Work task: An exact transcription is needed, starting with the line that contains "A Sikh volunteer" and ending with the last line of the records.

++++ Records for this task

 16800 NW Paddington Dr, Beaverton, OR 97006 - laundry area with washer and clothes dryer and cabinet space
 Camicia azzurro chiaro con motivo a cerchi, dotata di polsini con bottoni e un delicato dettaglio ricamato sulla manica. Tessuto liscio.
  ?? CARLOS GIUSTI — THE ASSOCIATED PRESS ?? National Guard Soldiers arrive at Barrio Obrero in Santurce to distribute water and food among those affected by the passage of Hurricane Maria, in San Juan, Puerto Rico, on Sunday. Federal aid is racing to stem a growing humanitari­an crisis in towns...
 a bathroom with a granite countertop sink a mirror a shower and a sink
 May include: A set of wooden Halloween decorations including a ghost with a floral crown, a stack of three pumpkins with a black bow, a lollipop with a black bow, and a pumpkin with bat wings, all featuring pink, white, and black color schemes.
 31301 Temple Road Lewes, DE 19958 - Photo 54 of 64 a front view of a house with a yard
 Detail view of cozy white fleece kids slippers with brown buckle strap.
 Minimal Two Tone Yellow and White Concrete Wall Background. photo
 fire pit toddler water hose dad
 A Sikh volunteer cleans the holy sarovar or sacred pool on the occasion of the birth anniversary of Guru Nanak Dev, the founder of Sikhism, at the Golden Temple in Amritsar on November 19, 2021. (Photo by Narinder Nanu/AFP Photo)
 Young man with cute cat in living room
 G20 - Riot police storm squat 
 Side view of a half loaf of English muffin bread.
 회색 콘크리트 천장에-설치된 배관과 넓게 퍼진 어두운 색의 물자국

++++++++

Response:
 A Sikh volunteer cleans the holy sarovar or sacred pool on the occasion of the birth anniversary of Guru Nanak Dev, the founder of Sikhism, at the Golden Temple in Amritsar on November 19, 2021. (Photo by Narinder Nanu/AFP Photo)
 Young man with cute cat in living room
 G20 - Riot police storm squat 
 Side view of a half loaf of English muffin bread.
 회색 콘크리트 천장에-설치된 배관과 넓게 퍼진 어두운 색의 물자국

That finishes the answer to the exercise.